# Delonghi Magnifica S ECAM 22.110.SB vs 22.320.SB



## davetherave (Dec 23, 2016)

Hey new here

I purchased a delognhi ecc220b motivo espresso cappucino machine earlier this year as I was tired of paying £2-3 a cup from camden coffee house, alchemy, ground control etc. I love a proper cup of coffee, but I wanted to start buying beans from said places and brewing my own. I worked out after 30 cups I would have paid for that cheap machine as it was only £60

The machine isnt bad, barista style, once you get the hang of it you can make a decent espresso or latte, I bought as it had the steaming wand.

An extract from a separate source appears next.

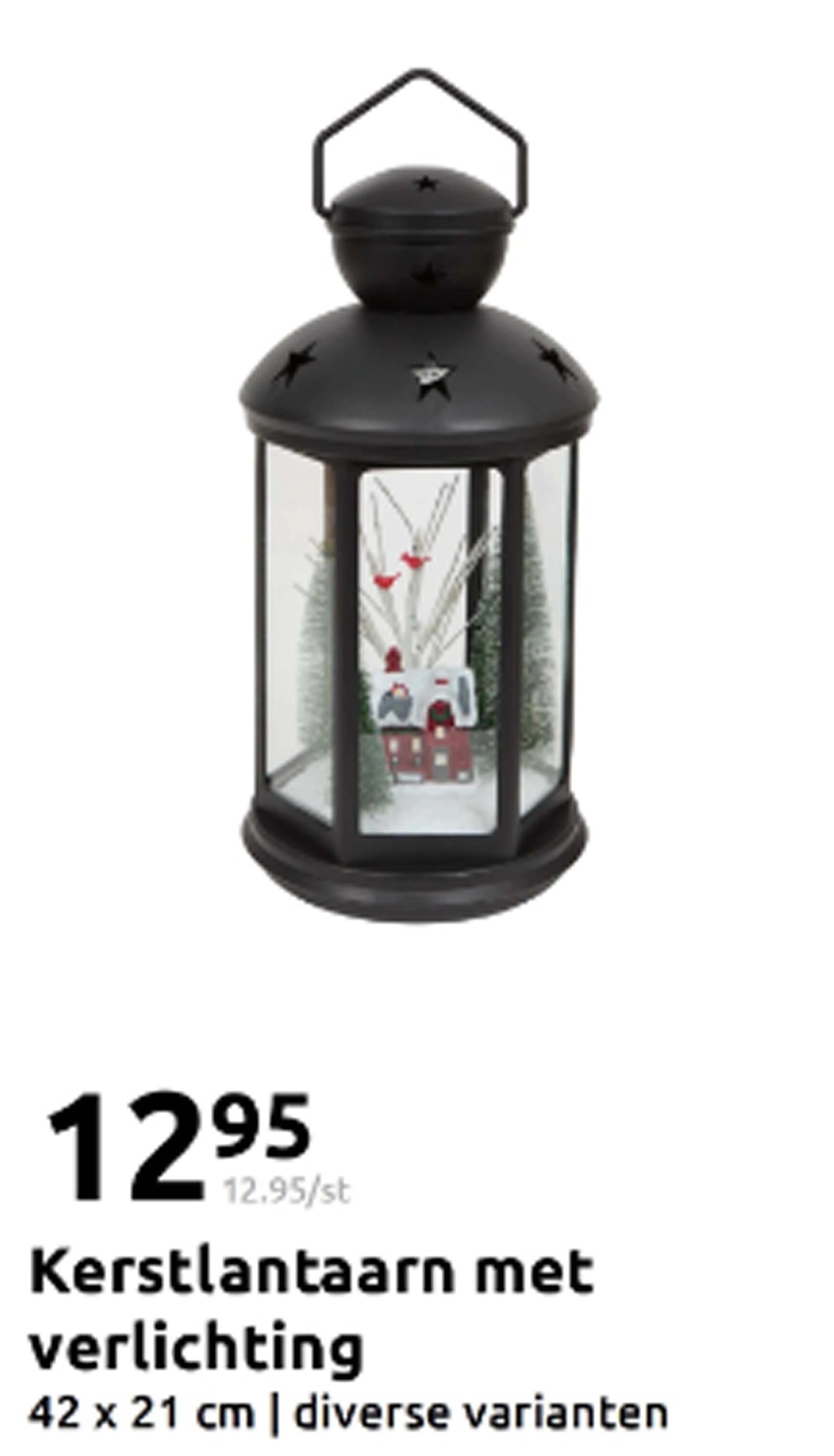 Kerstlantaarn met verlichting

I was looking for grinders as I have a rubbish grinder, so have been buying my beans ground which I know is bad. Decent grinder were £100 plus.

Then I saw a couple of delonghi bean to cup machines, the machines are no longer produced by delonghi but argos and currys have them for less than £300, the 2 I am looking at are

Delonghi Magnifica S ECAM 22.110.SB

http://www.argos.co.uk/product/4147677

Delonghi Magnifica S ECAM 22.320.SB

http://www.currys.co.uk/gbuk/household-appliances/small-kitchen-appliances/coffee-machines-and-accessories/coffee-machines/delonghi-magnifica-s-ecam-22-320-sb-bean-to-cup-coffee-machine-silver-21485747-pdt.html

It appears for an extra £20 you get more for your money when comparing the original price.

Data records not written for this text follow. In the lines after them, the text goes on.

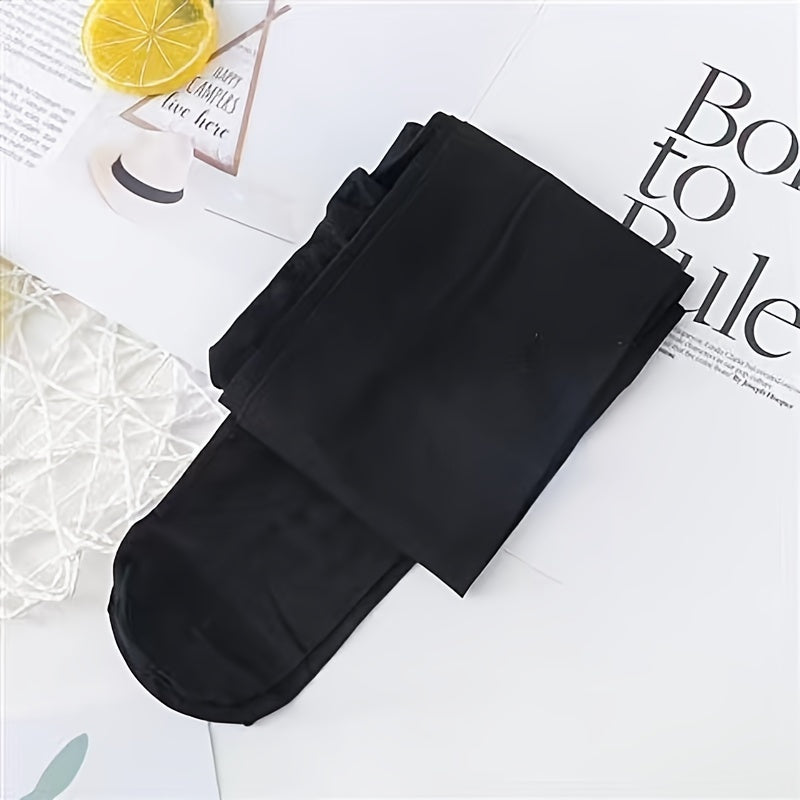 Casual Stockings Women's 40D Solid Nylon High Rise Stretch Panty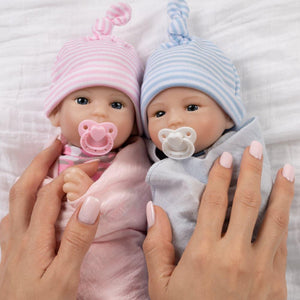 Paradise Galleries Reborn Twin Baby Dolls for Kids-Twice Blessed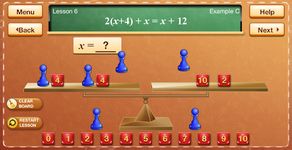 Captura de tela do apk Hands-On Equations 1 16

I have seen a couple small differences but nothing really stands out.

I am proabbily going to go for the one from currys.

Anyne have any experience with these machines? or can recomend something better for the same money?

ANy advice would be great as I dont want to invest £300 into garbage, even though after 150 cups it would be the same price as buying cups from a coffe shop


----------



## DavecUK (Aug 6, 2013)

davetherave said:


> I am proabbily going to go for the one from currys.
> 
> Anyne have any experience with these machines? or can recomend something better for the same money?
> 
> ANy advice would be great as I dont want to invest £300 into garbage, even though after 150 cups it would be the same price as buying cups from a coffe shop


If you can wait there will be some *very* special BTC deals coming from BB in the new year, on a machine that's way better than either of those.....however even with the good deals, they will still cost more than the Delonghi.


----------